----- Given data
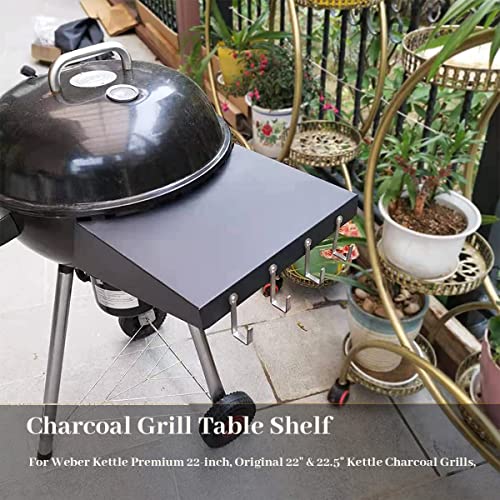 Kettle Table Shelf, Grill Table Shelf for Weber 22" Charcoal Kettle Master Touch Charcoal Grills, Portable BBQ Charcoal Grill Side Table, Shelf Storage Holder Tray for Weber Kettle Grills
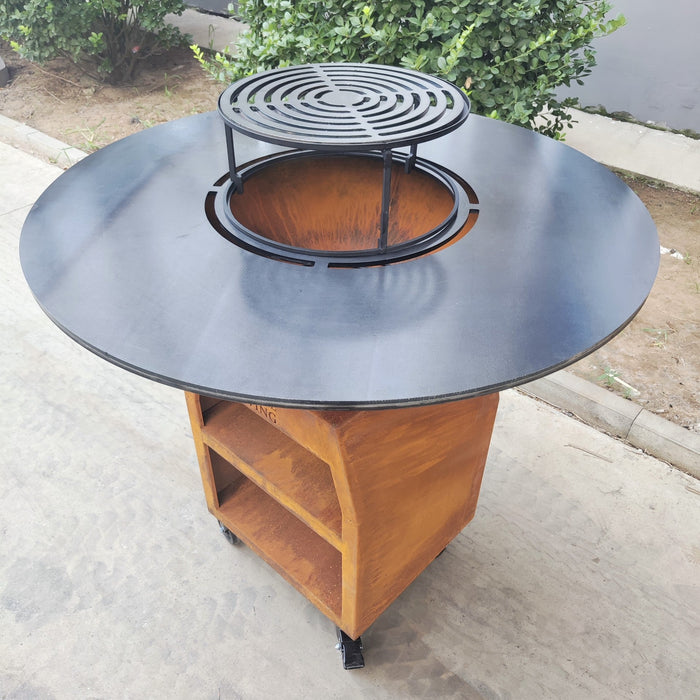 BBQ Vuurschaal Grill Maestro XXXL Ø100cm Cortenstaal - Met Grote wielen en houtopslag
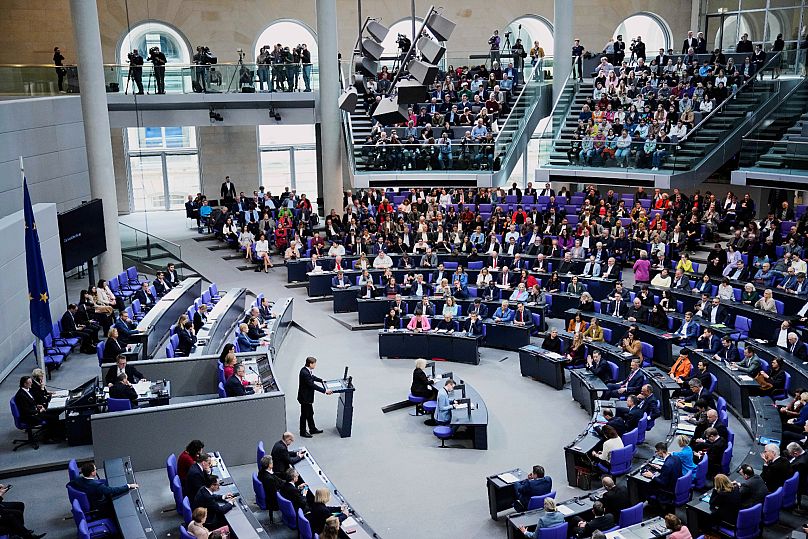 Bernd Baumann executive director of the right-wing Alternative for Germany, AfD, parliamentary group speaks during a meeting of the German Bundestag, 13 March, 2025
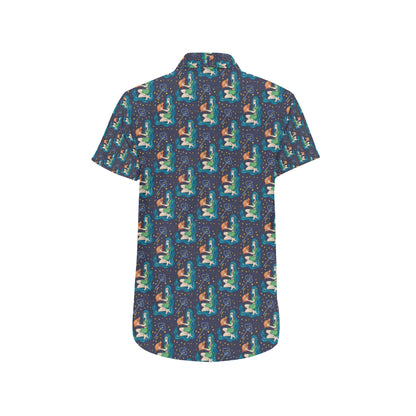 Aquarius Zodiac Pattern Print Design 03 Men's Short Sleeve Button Up Shirt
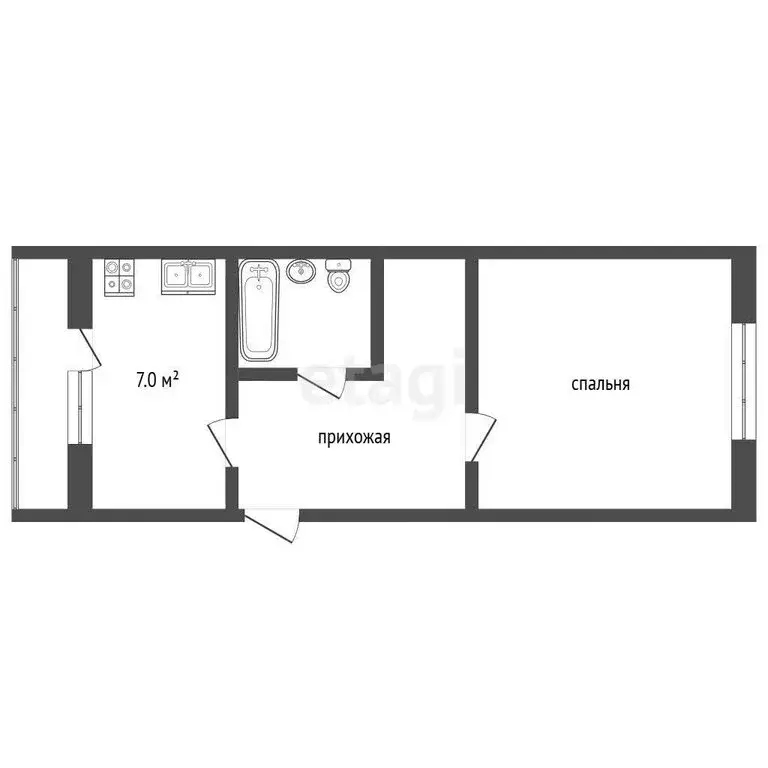 Квартира-студия: Ялта, Пролетарский переулок, 5 (38 м) - Фото 1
----------
- _Task brief_: Everything in the listing must be copied exactly except the pictures.

- _Answer below_:
 Kettle Table Shelf, Grill Table Shelf for Weber 22" Charcoal Kettle Master Touch Charcoal Grills, Portable BBQ Charcoal Grill Side Table, Shelf Storage Holder Tray for Weber Kettle Grills
 BBQ Vuurschaal Grill Maestro XXXL Ø100cm Cortenstaal - Met Grote wielen en houtopslag
 Bernd Baumann executive director of the right-wing Alternative for Germany, AfD, parliamentary group speaks during a meeting of the German Bundestag, 13 March, 2025
 Aquarius Zodiac Pattern Print Design 03 Men's Short Sleeve Button Up Shirt
 Квартира-студия: Ялта, Пролетарский переулок, 5 (38 м) - Фото 1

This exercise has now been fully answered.